Une techno-signature ?

Cette fréquence de 982 MHz est notamment intrigante dans la mesure où cette bande d’ondes radio très précise est généralement libérée par des satellites fabriqués par l’Homme. “Nous ne connaissons aucun moyen naturel de compresser l’énergie électromagnétique dans un seul bac de fréquence comme celui-ci“, poursuit l’astronome. “Peut-être qu’une bizarrerie exotique encore inconnue de la physique des plasmas pourrait être une explication naturelle à ces ondes radio extrêmement concentrées”, dit-il. “Mais pour le moment, la seule source que nous connaissons est d’origine technologique“.

Le Guardian cite également une source anonyme avec eu accès aux données sur ce signal. “C’est le premier candidat sérieux pour une communication extraterrestre depuis le signal “Wow!”, un célèbre signal radio détecté en 1977 qui ressemblait également à une technosignature“.

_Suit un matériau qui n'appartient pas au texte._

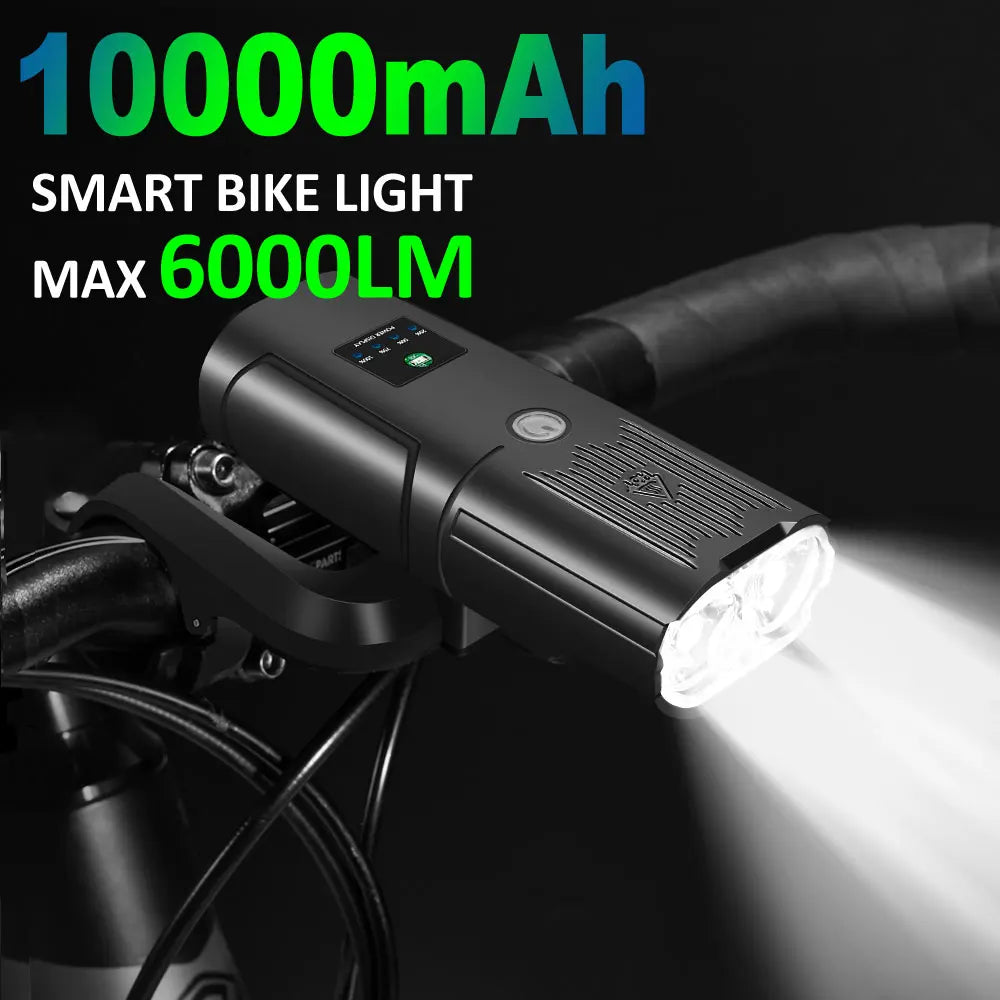 NEWBOLER Smart Bicycle Light Front 10000mAh Bike Light 6000Lumen Waterproof USB Charging MTB Road Cycling Lamp Bike Accessories by MVEnergo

Ceci dit, l’explication de “l’interférence terrestre” n’a visiblement pas encore été complètement écartée par les chercheurs, ce qui soulève toujours la possibilité que ce signal ait en réalité une origine beaucoup moins exotique. Et pour calmer une fois de plus les esprits, rappelons qu’un récent bulletin météorologique de notre voisine stellaire la plus proche laisse à penser que la vie n’a probablement aucune chance de se développer autour.